_WHAT IS REQUIRED_: Please transcribe exactly the lines from the line holding "Opel Corsa - 1.4i" through the end of the data below, and skip any pictures.

_PROVIDED DATA_:
..............................
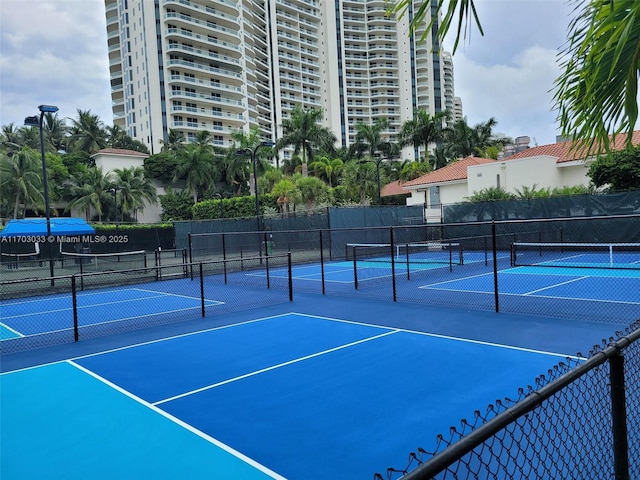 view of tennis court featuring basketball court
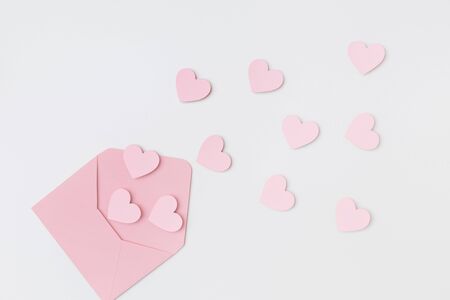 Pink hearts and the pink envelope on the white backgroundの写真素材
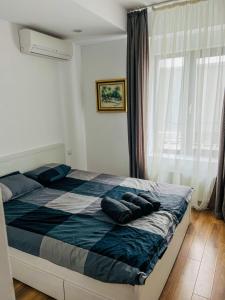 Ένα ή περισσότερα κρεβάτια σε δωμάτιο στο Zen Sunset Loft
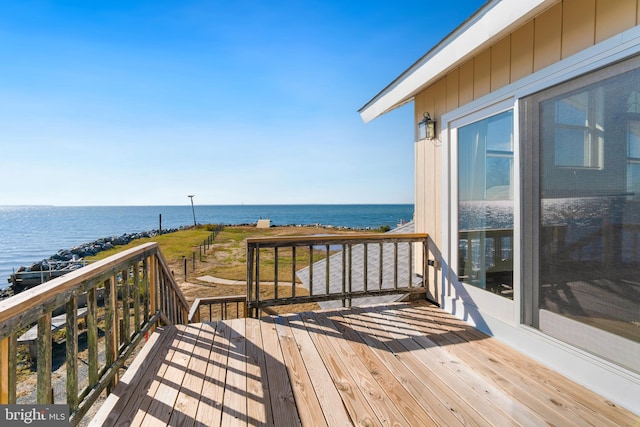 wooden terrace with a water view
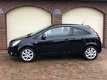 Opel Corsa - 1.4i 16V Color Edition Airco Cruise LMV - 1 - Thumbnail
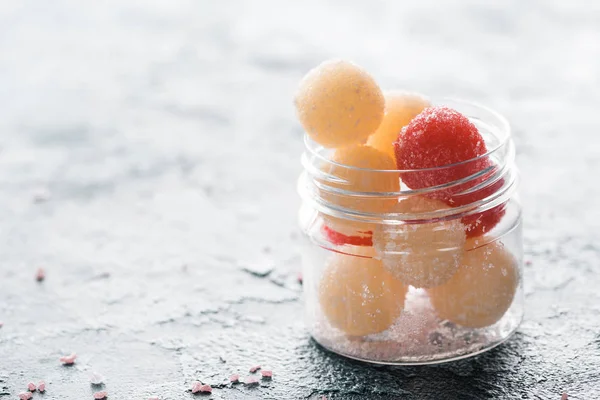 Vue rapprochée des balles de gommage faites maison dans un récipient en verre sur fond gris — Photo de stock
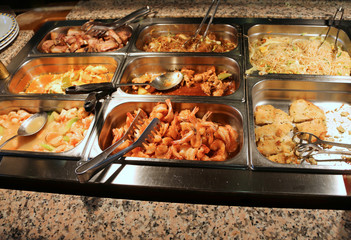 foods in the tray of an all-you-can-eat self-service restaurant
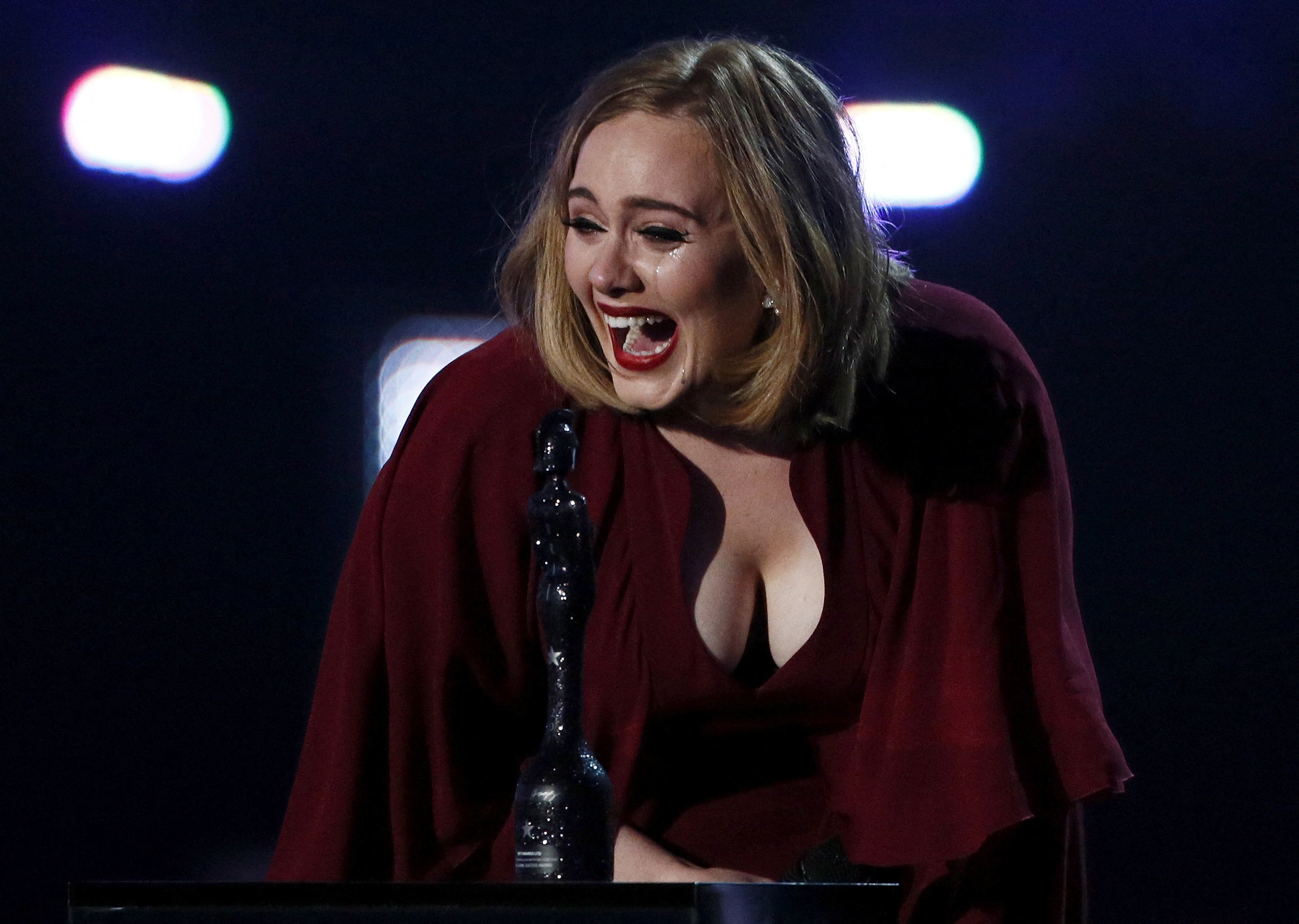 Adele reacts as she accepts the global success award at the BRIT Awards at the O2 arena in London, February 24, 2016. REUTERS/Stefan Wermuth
..............................
_RESPONSE BOX_:
 Opel Corsa - 1.4i 16V Color Edition Airco Cruise LMV - 1 - Thumbnail
 Vue rapprochée des balles de gommage faites maison dans un récipient en verre sur fond gris — Photo de stock
 foods in the tray of an all-you-can-eat self-service restaurant
 Adele reacts as she accepts the global success award at the BRIT Awards at the O2 arena in London, February 24, 2016. REUTERS/Stefan Wermuth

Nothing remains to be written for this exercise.